**EXERCISE BRIEF**.
From the line containing "Hugo González presionado" through the end of the entries, please repeat every line exactly and nothing more; the pictures do not belong in the copy.

**RECORDS TO PROCESS**.
== Segment start ==

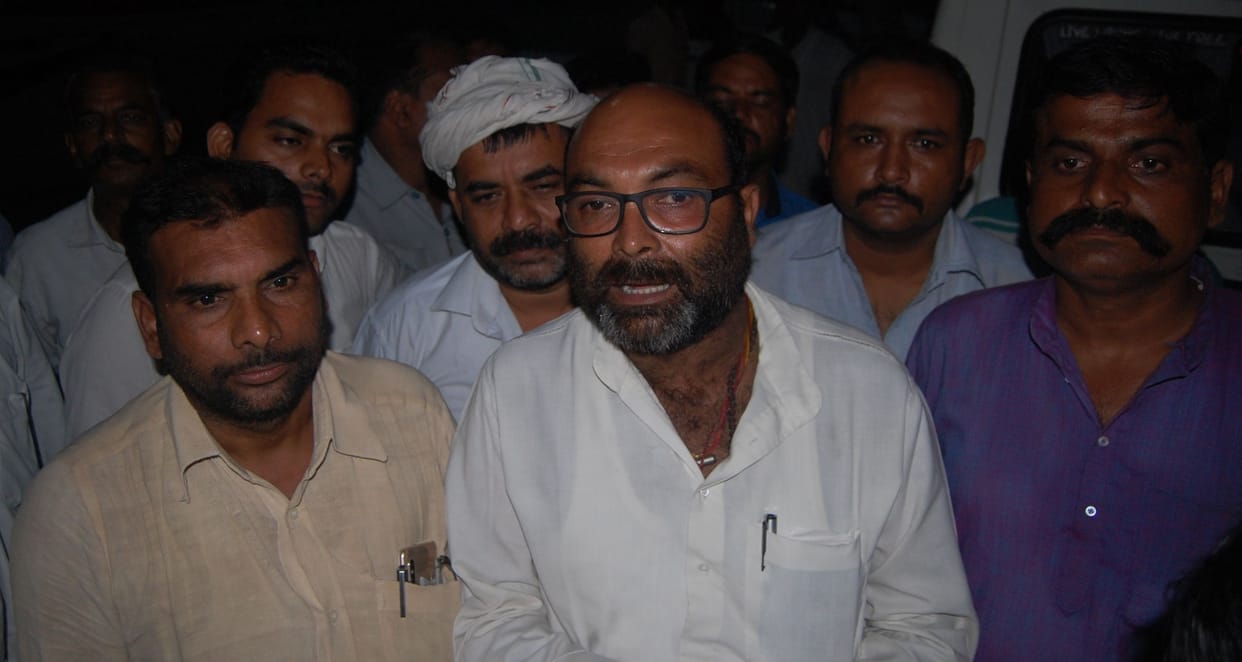 सदन में उठेगा मामला, सड़क पर उतरेगी कांग्रेस: लल्लू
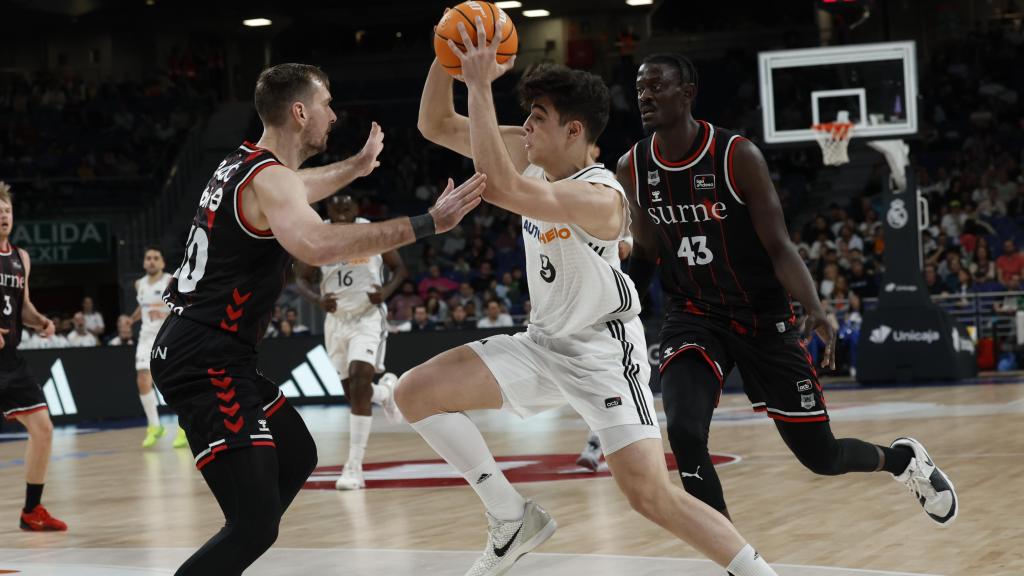 Hugo González presionado por dos jugadores del Bilbao Basket.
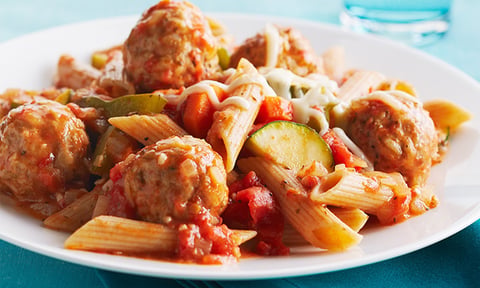 Boulettes de Poulet en Sauce et Pâtes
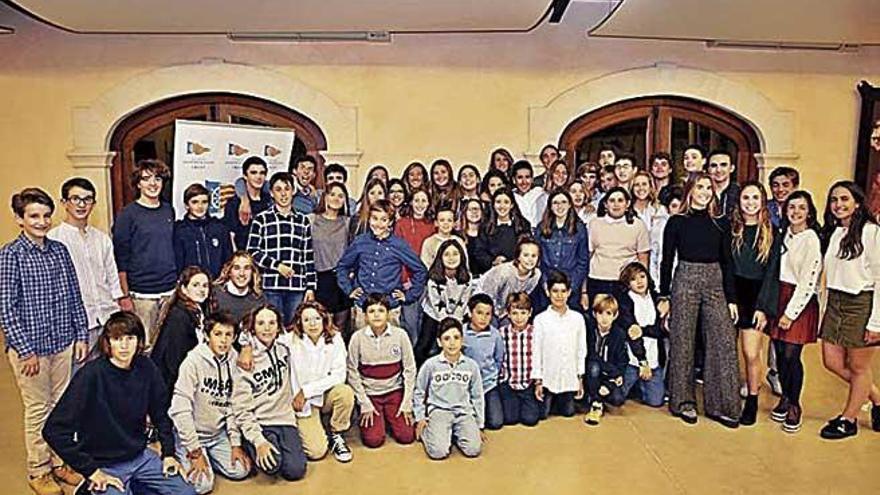 Foto de familia de los galardonados por el club.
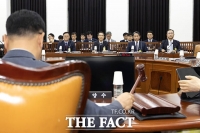  업무보고 위해 정보위 출석하는 유재성 경찰청장 직무대행 [TF사진관]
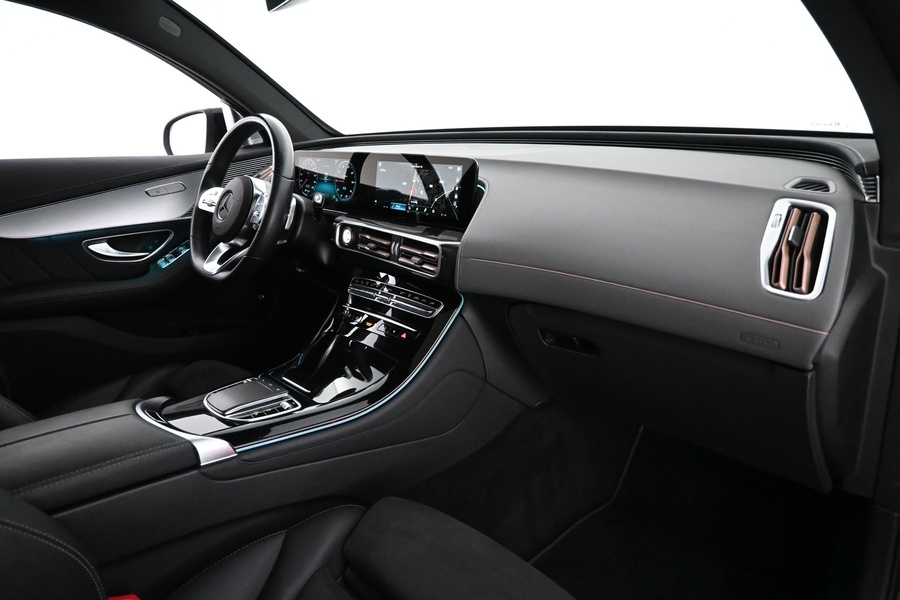 Mercedes-Benz EQC vaihtoauto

== Segment end ==

**REPLY TO THE TASK**.
 Hugo González presionado por dos jugadores del Bilbao Basket.
 Boulettes de Poulet en Sauce et Pâtes
 Foto de familia de los galardonados por el club.
  업무보고 위해 정보위 출석하는 유재성 경찰청장 직무대행 [TF사진관]
 Mercedes-Benz EQC vaihtoauto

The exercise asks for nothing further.